[Short descriptive text snippets]

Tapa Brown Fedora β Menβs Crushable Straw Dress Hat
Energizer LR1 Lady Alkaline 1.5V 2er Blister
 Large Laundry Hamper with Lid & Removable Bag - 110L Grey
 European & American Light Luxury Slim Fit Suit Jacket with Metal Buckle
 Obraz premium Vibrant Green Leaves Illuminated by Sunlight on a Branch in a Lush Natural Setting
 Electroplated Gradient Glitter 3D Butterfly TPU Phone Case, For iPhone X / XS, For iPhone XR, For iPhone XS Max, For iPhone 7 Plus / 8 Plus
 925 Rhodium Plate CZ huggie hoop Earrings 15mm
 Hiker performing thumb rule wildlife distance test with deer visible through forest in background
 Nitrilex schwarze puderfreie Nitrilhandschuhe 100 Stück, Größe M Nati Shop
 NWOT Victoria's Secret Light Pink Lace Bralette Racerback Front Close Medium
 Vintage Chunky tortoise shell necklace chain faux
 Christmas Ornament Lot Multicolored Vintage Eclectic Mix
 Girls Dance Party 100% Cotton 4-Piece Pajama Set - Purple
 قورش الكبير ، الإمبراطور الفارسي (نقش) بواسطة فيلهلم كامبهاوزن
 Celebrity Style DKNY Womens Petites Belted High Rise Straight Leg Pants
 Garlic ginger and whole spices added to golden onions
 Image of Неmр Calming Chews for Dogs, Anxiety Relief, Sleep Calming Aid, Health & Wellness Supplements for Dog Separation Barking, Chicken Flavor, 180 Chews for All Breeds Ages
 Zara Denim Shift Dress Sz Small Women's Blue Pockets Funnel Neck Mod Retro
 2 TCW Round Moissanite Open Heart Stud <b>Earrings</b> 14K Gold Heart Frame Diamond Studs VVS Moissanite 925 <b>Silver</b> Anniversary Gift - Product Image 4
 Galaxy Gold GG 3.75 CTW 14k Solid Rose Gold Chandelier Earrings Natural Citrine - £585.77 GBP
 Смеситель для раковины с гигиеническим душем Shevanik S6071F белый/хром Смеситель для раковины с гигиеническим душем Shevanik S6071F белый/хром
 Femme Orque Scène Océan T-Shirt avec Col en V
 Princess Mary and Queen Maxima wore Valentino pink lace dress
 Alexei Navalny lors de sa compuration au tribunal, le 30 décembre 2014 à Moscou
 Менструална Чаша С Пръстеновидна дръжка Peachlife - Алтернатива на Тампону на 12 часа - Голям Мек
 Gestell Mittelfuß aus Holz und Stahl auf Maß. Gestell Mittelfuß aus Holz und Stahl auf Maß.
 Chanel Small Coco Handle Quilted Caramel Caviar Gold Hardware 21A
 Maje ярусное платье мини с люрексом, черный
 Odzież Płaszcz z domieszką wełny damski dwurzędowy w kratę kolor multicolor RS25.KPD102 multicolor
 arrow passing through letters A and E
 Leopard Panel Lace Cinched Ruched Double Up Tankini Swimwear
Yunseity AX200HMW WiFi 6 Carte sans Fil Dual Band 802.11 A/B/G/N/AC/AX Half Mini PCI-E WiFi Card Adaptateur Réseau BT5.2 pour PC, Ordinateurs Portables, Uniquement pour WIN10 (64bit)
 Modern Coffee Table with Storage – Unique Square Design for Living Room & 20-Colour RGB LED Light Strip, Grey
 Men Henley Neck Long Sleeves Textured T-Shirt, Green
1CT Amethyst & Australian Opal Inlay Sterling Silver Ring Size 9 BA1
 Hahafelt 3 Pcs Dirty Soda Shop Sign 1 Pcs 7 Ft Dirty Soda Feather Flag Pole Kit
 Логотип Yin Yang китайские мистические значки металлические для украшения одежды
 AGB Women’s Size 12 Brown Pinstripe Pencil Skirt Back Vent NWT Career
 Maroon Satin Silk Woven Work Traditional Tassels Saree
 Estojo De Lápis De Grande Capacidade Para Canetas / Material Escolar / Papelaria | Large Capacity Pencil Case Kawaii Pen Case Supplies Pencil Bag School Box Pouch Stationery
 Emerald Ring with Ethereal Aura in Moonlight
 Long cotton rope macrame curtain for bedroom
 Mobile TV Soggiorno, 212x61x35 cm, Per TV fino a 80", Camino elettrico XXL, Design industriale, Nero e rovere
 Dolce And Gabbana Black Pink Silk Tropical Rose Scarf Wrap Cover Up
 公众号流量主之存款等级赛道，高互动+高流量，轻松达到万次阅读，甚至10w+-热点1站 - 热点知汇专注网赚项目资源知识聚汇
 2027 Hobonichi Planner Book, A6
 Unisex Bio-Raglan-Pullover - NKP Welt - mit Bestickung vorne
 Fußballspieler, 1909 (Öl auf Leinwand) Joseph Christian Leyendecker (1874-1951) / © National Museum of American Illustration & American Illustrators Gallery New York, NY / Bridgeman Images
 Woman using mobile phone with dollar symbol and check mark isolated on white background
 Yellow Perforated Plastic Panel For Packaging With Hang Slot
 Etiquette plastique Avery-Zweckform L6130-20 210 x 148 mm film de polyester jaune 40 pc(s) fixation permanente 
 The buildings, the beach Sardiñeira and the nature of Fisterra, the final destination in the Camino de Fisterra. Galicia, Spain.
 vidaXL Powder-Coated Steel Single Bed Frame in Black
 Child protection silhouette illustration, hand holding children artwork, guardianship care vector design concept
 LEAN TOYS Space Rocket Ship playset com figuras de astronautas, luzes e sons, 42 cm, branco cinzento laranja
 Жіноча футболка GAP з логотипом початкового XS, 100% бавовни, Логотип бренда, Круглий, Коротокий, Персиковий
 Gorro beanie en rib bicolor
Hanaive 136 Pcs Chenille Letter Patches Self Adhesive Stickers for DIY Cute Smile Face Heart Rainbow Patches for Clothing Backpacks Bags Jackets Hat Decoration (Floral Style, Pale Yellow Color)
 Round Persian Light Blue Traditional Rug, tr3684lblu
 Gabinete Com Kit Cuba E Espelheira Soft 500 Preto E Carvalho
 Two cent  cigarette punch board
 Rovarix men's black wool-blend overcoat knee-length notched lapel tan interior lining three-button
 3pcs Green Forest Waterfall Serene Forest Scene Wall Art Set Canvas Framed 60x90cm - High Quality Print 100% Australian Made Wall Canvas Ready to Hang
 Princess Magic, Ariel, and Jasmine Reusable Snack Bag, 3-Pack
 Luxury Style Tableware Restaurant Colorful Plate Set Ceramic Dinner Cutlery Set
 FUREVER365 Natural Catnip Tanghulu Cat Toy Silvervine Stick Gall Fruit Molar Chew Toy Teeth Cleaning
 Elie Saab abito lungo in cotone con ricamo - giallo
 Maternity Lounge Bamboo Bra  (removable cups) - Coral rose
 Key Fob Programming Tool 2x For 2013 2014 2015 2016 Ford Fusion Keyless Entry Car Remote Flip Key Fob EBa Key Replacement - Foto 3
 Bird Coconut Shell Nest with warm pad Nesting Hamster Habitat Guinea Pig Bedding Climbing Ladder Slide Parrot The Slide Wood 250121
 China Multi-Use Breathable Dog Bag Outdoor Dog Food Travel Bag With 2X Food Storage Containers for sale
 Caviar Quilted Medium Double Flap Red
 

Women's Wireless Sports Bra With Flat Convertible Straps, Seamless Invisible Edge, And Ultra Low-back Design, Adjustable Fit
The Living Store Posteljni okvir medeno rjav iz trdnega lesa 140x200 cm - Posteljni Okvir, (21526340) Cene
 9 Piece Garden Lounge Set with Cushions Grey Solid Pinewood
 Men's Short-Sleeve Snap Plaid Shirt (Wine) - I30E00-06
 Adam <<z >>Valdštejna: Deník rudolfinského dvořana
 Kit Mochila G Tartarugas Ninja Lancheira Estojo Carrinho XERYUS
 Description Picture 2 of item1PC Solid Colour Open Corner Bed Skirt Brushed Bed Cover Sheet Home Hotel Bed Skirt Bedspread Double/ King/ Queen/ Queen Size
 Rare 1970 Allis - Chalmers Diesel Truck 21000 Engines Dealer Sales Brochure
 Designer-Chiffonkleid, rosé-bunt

## What you will do
Please, from the entries above, set down exactly the lines from the one containing "Child protection silhouette" through the one containing "Gorro beanie en rib bicolor", and only those.

## Solution to the exercise
 Child protection silhouette illustration, hand holding children artwork, guardianship care vector design concept
 LEAN TOYS Space Rocket Ship playset com figuras de astronautas, luzes e sons, 42 cm, branco cinzento laranja
 Жіноча футболка GAP з логотипом початкового XS, 100% бавовни, Логотип бренда, Круглий, Коротокий, Персиковий
 Gorro beanie en rib bicolor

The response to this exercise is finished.